Data excerpt Start Marker

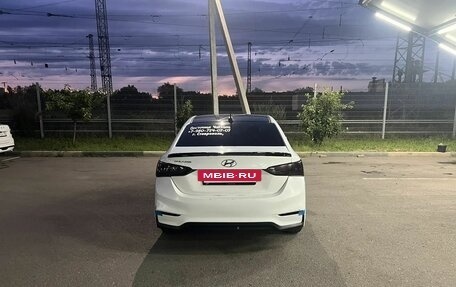 Hyundai Solaris II рестайлинг, 2017 год, 455 000 рублей, 3 фотография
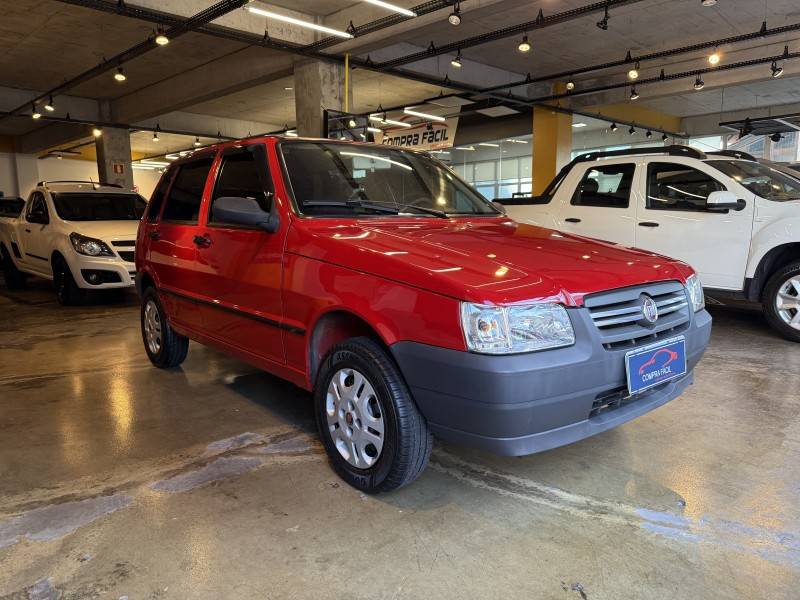 FIAT - UNO - 2010/2010 - Vermelha - R$ 26.900,00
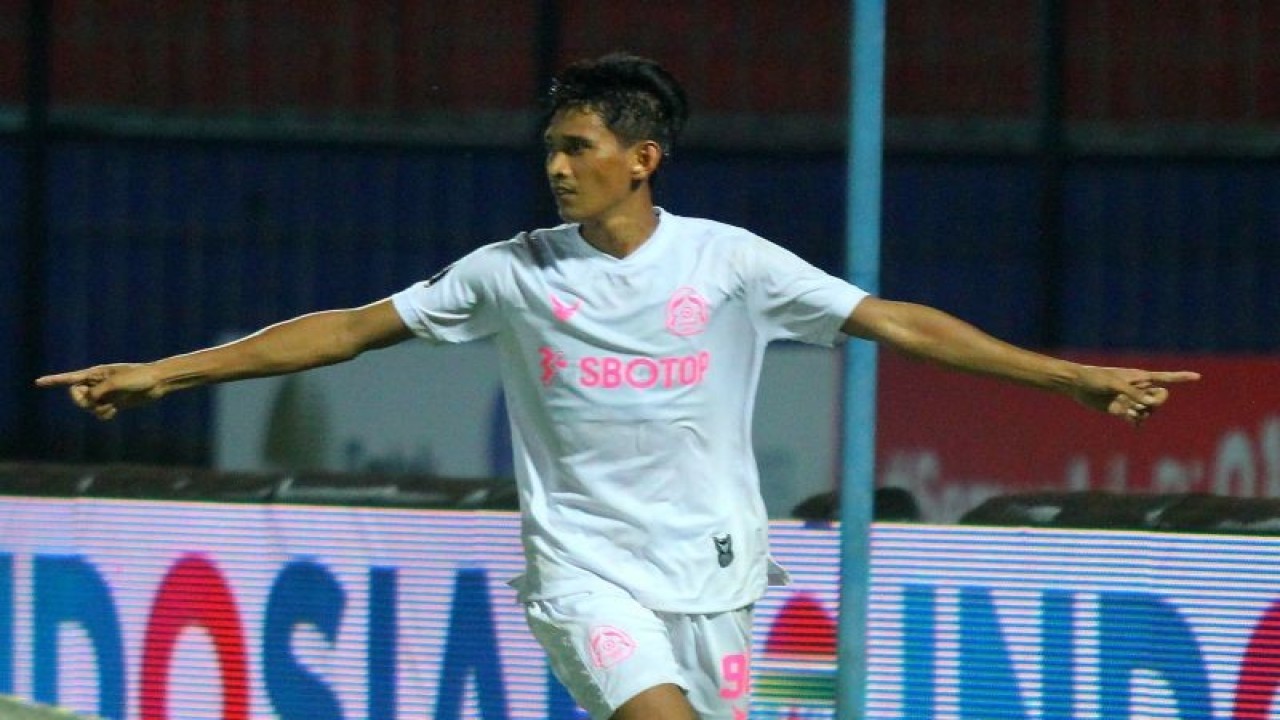 Arsip - Pesepakbola Persikabo 1973 Ryan Kurnia berselebrasi usai mencetak gol ke gawang PSM Makassar dalam pertandingan Piala Presiden 2022 Grup D di Stadion Kanjuruhan, Malang, Jawa Timur, Rabu (15/6/2022). Persikabo 1973 mengalahkan PSM Makassar dengan skor akhir 1-0. ANTARA FOTO/Ari Bowo Sucipto/foc.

Data excerpt End Marker

About this task — All of the material above should be copied exactly, minus the pictures.

Response box —
 Hyundai Solaris II рестайлинг, 2017 год, 455 000 рублей, 3 фотография
 FIAT - UNO - 2010/2010 - Vermelha - R$ 26.900,00
 Arsip - Pesepakbola Persikabo 1973 Ryan Kurnia berselebrasi usai mencetak gol ke gawang PSM Makassar dalam pertandingan Piala Presiden 2022 Grup D di Stadion Kanjuruhan, Malang, Jawa Timur, Rabu (15/6/2022). Persikabo 1973 mengalahkan PSM Makassar dengan skor akhir 1-0. ANTARA FOTO/Ari Bowo Sucipto/foc.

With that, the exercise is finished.